··· GIVEN DATA

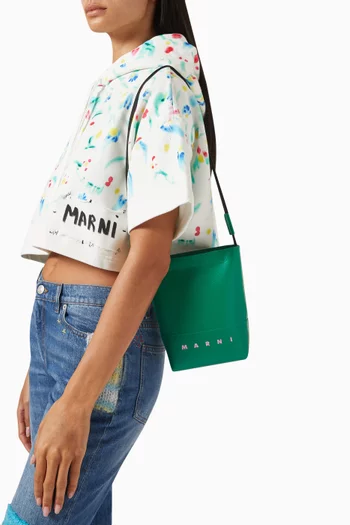 Logo Crossbody Bag in Coated Canvas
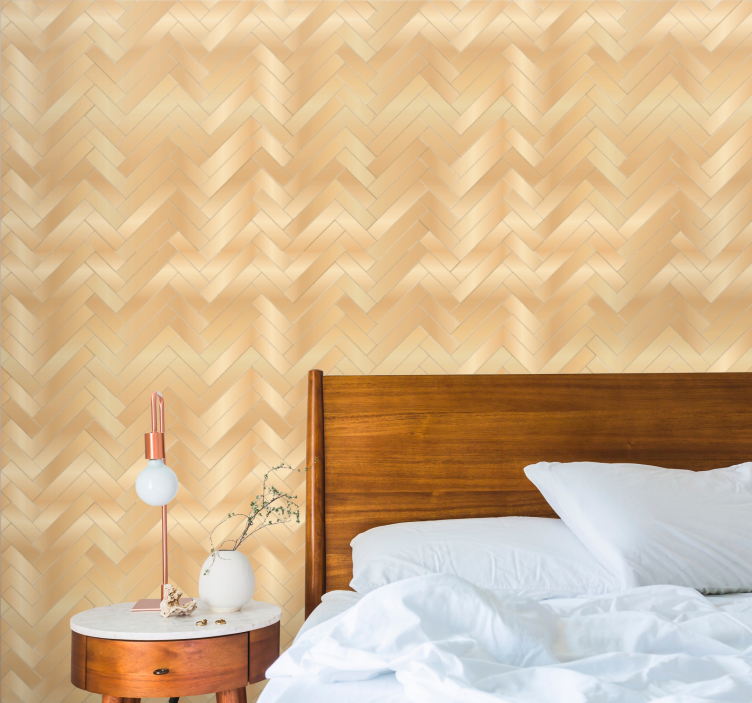 Chevron Texture Pattern marble wallpaper - TenStickers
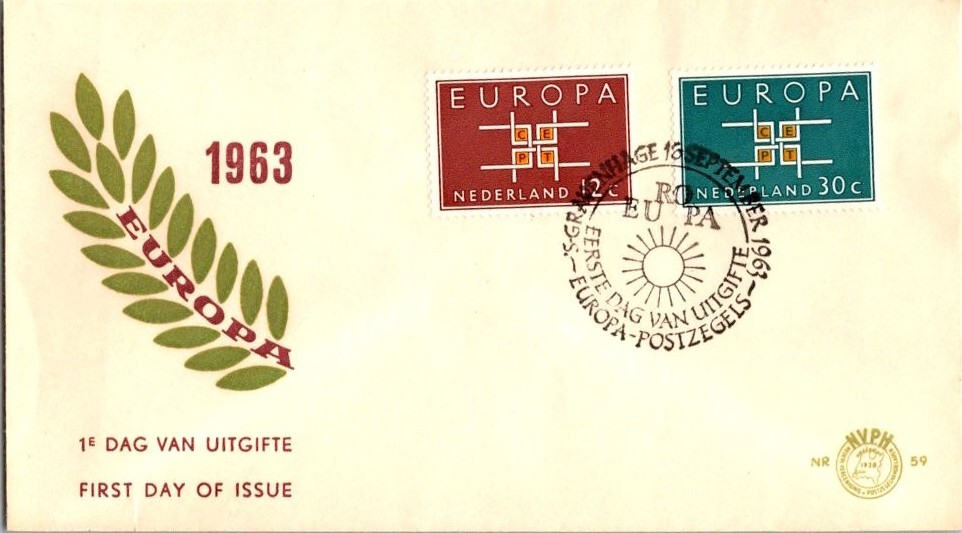 Netherlands Scott 416-417 Unaddressed.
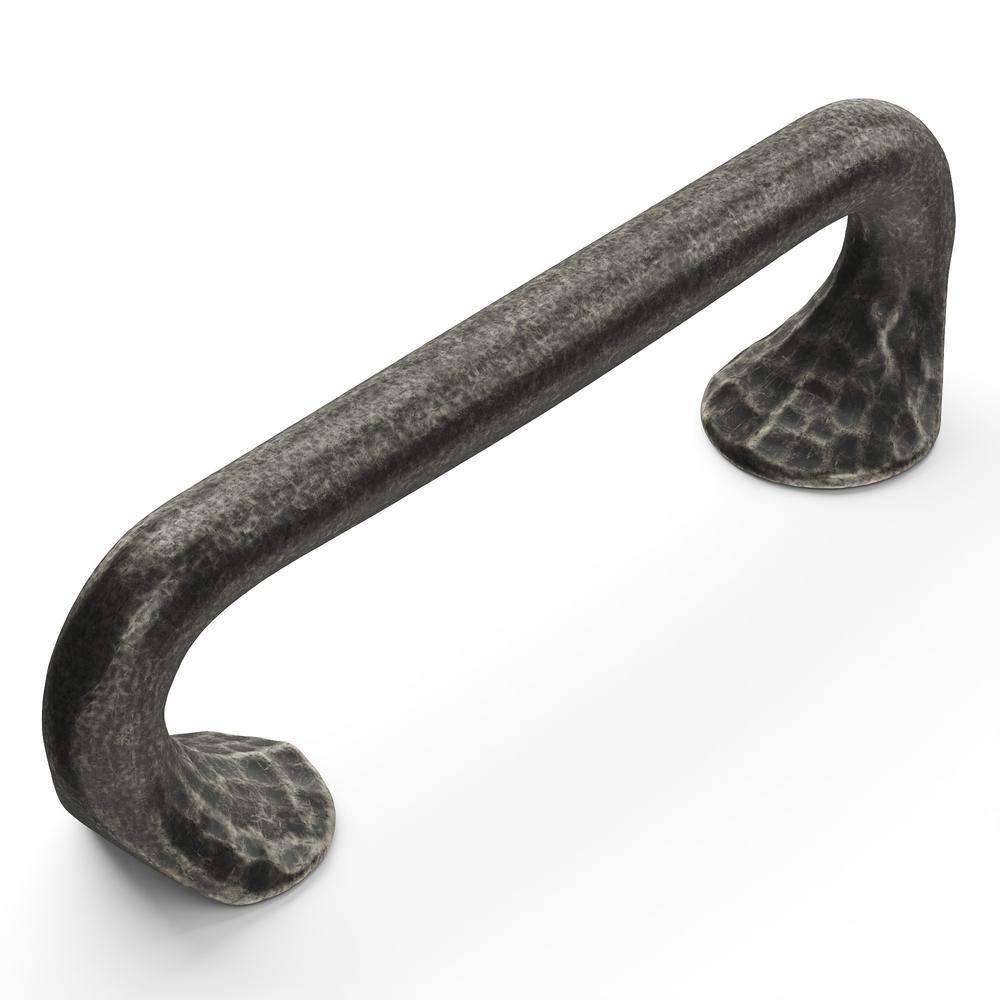 Windover Antique Black Rustic Bar Cabinet Handles, 3"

······

## EXERCISE DESCRIPTION
Give back exactly the lines from the one that contains "Netherlands Scott 416-417 Unaddressed." to the final line of the data above, both included, with all pictures removed.

## EXERCISE OUTPUT
 Netherlands Scott 416-417 Unaddressed.
 Windover Antique Black Rustic Bar Cabinet Handles, 3"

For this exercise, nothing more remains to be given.